> **Task requirements**
The answer must be the full listing, word for word, with no pictures in it.

════════════════

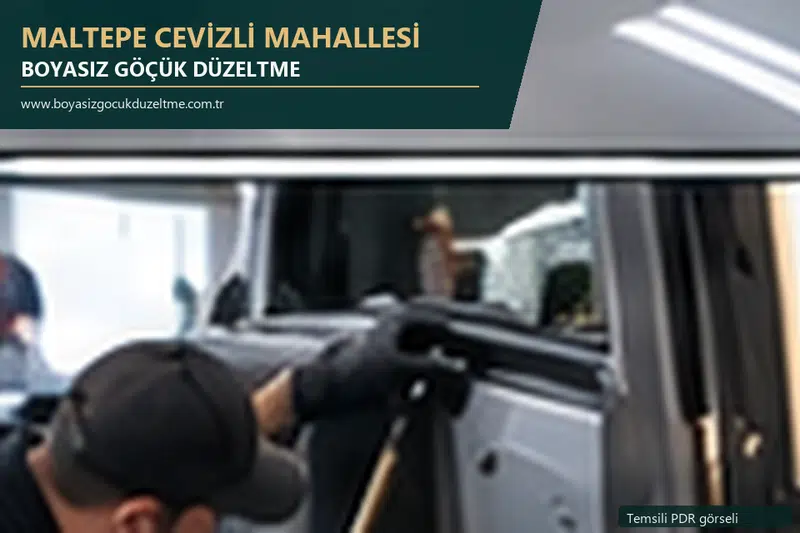 Maltepe Cevizli Mahallesi hizmet rehberi için modern otomobil ve boyasız göçük incelemesini anlatan temsili görsel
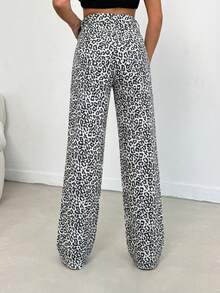 EURMUSE 100% Cotton MID RISE WIDEEG CUT LEOPARD PETITE JEAN - Multicolor - View 2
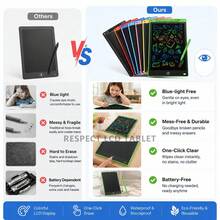 8.5 Inch LCD Electronic Drawing Board - Colorful Erasable Portable With Stylus | School Office Home Note-Taking Christmas Gift - Multicolor - View 4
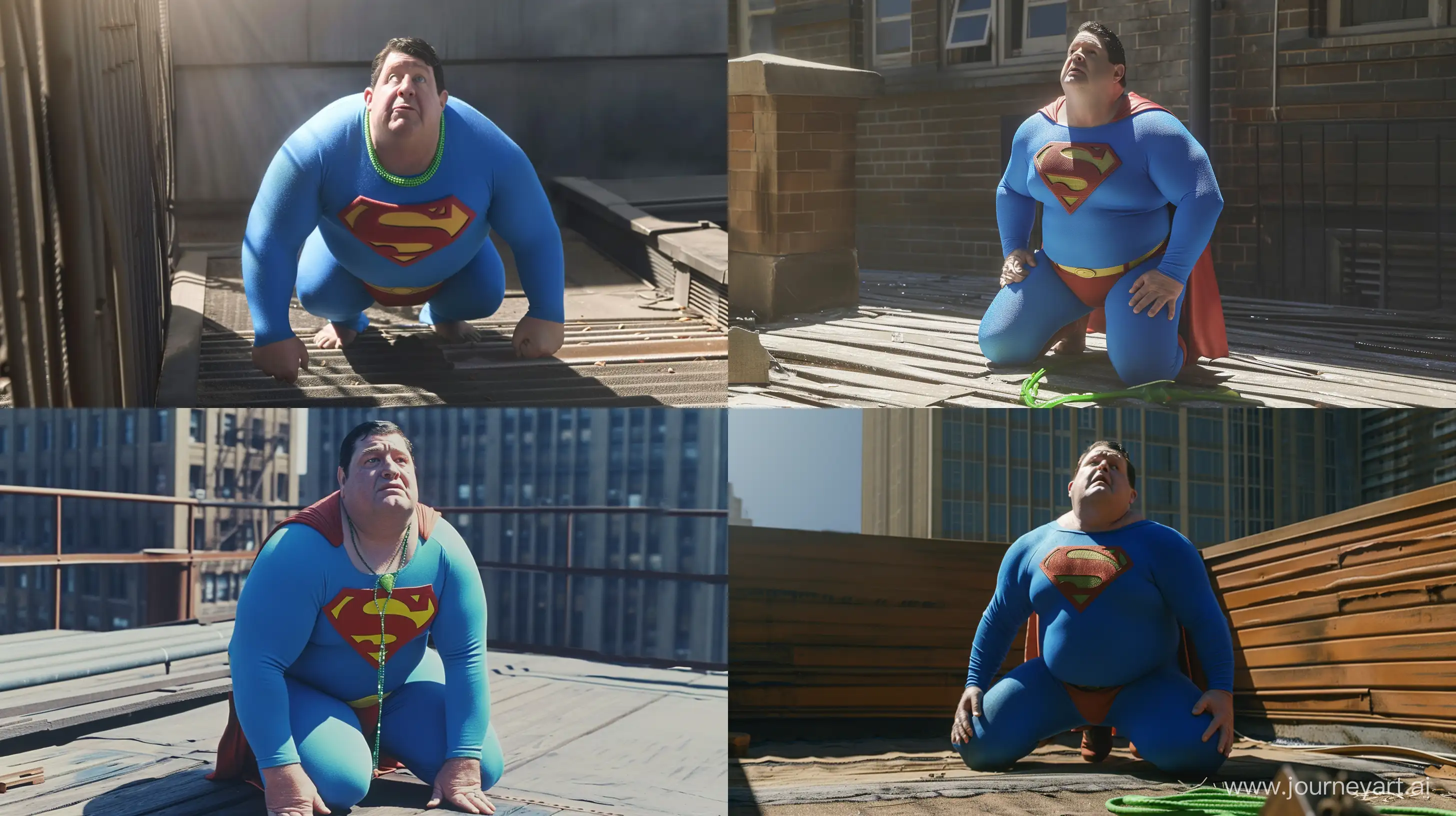 The photo has a man kneeling on the floor. He is a chubby man aged 70 wearing a full tight bright blue superman costume. He is on a rooftop in broad daylight. He wears a bright green necklace, high-quality, --ar 16:9 --v 6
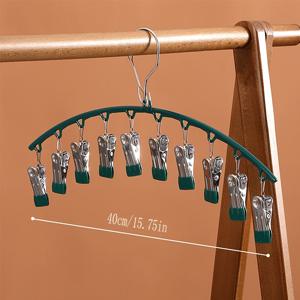 TEMU 1개 스테인리스 멀티 클립 옷 건조대 - 섬세한 의류용 무흔 디자인, 속옷 및 양말용, 광택 있는 금속과 녹색 플라스틱 클립, 공간 절약형 홈 침실 세탁실 필수품 | 모던 룩 | 스테인리스 스틸 구조, 세탁실 액세서리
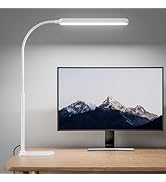 SUPERDANNY Eye-Caring LED Desk Lamp with Base 360° Flexible Gooseneck Work Lamp Touch Control 3 L...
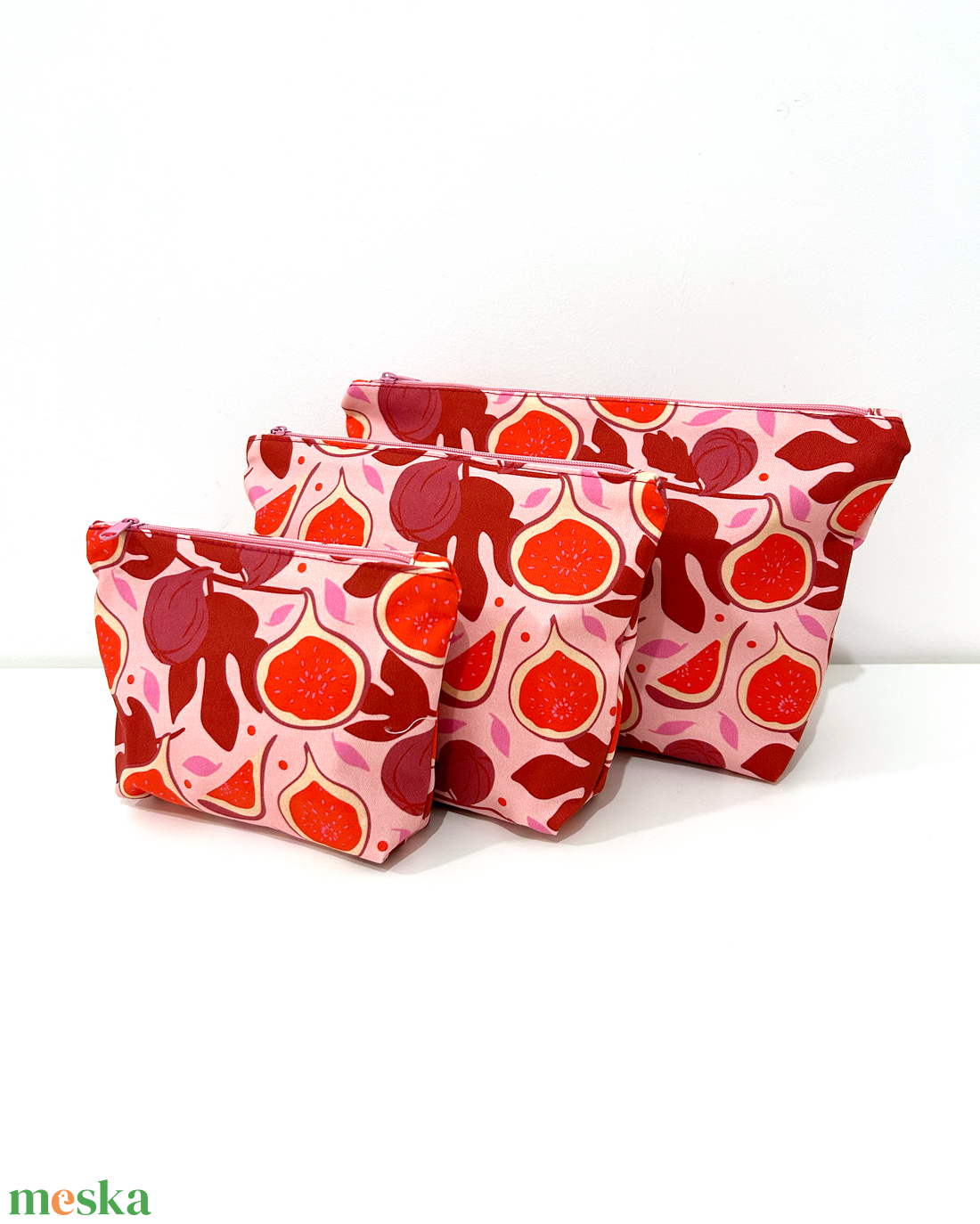 Füge mintás pipere táska szett - táska & tok - neszesszer - Meska.hu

════════════════

> **Answer box**
 Maltepe Cevizli Mahallesi hizmet rehberi için modern otomobil ve boyasız göçük incelemesini anlatan temsili görsel
 EURMUSE 100% Cotton MID RISE WIDEEG CUT LEOPARD PETITE JEAN - Multicolor - View 2
 8.5 Inch LCD Electronic Drawing Board - Colorful Erasable Portable With Stylus | School Office Home Note-Taking Christmas Gift - Multicolor - View 4
 The photo has a man kneeling on the floor. He is a chubby man aged 70 wearing a full tight bright blue superman costume. He is on a rooftop in broad daylight. He wears a bright green necklace, high-quality, --ar 16:9 --v 6
 TEMU 1개 스테인리스 멀티 클립 옷 건조대 - 섬세한 의류용 무흔 디자인, 속옷 및 양말용, 광택 있는 금속과 녹색 플라스틱 클립, 공간 절약형 홈 침실 세탁실 필수품 | 모던 룩 | 스테인리스 스틸 구조, 세탁실 액세서리
 SUPERDANNY Eye-Caring LED Desk Lamp with Base 360° Flexible Gooseneck Work Lamp Touch Control 3 L...
 Füge mintás pipere táska szett - táska & tok - neszesszer - Meska.hu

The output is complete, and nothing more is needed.